%%

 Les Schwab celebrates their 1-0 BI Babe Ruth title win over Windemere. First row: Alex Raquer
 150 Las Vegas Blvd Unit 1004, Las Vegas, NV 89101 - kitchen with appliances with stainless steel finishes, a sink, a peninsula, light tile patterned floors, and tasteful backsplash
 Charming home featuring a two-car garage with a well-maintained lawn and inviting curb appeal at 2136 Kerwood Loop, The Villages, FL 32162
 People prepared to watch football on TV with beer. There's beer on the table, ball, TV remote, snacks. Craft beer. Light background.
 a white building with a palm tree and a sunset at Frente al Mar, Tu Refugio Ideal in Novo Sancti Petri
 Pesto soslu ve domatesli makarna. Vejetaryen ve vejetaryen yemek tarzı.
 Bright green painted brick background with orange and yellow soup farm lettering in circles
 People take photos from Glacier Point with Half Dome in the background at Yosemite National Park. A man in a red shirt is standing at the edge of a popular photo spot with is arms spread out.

%%
%%

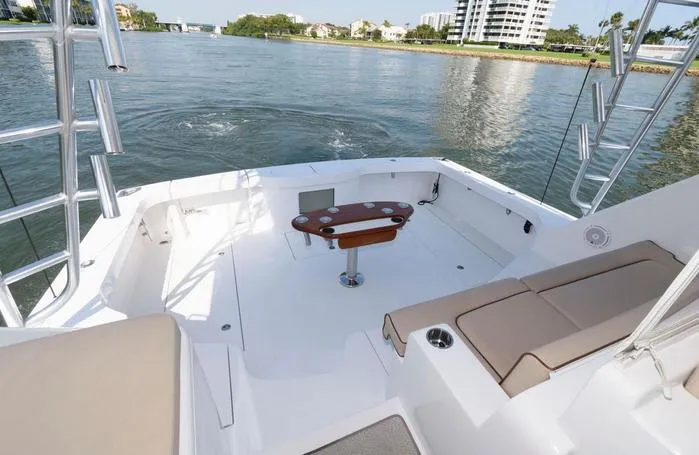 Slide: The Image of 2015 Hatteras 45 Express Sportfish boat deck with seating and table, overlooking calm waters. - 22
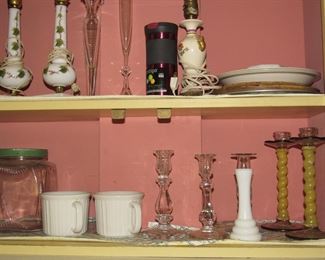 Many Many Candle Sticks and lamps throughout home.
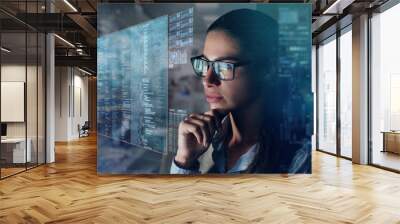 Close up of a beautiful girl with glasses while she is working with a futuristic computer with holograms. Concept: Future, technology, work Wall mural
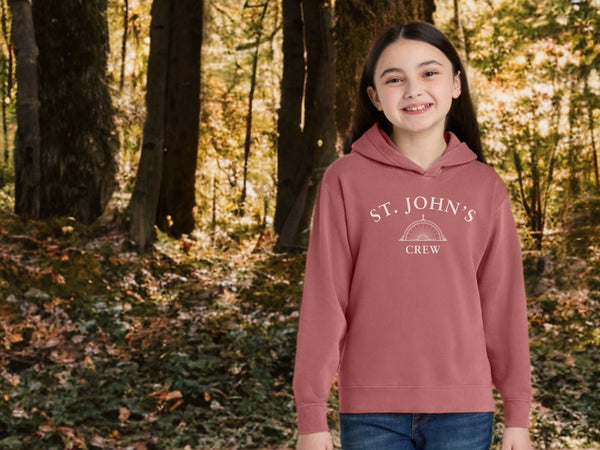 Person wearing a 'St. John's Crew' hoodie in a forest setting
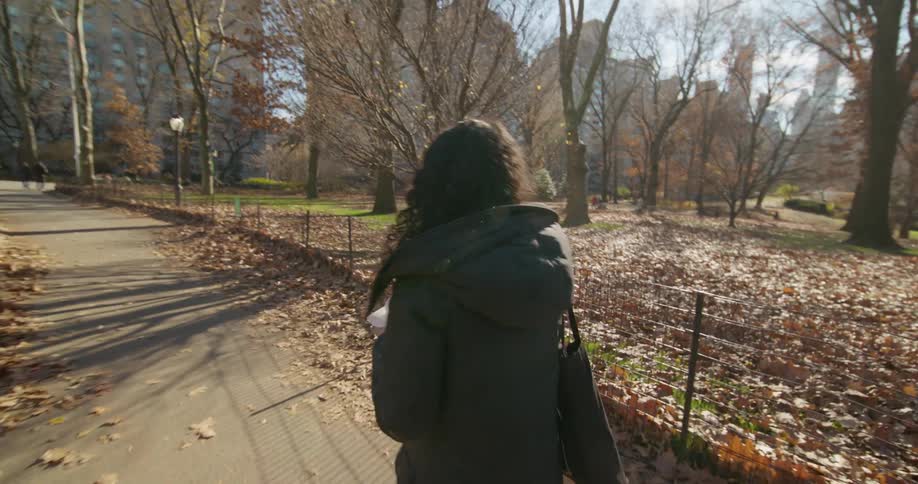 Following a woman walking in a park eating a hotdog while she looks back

%%

Work item.
In the listing above, the lines from the one containing "Bright green painted" through the one containing "People take photos" must be set down exactly, with no other lines.

Result.
 Bright green painted brick background with orange and yellow soup farm lettering in circles
 People take photos from Glacier Point with Half Dome in the background at Yosemite National Park. A man in a red shirt is standing at the edge of a popular photo spot with is arms spread out.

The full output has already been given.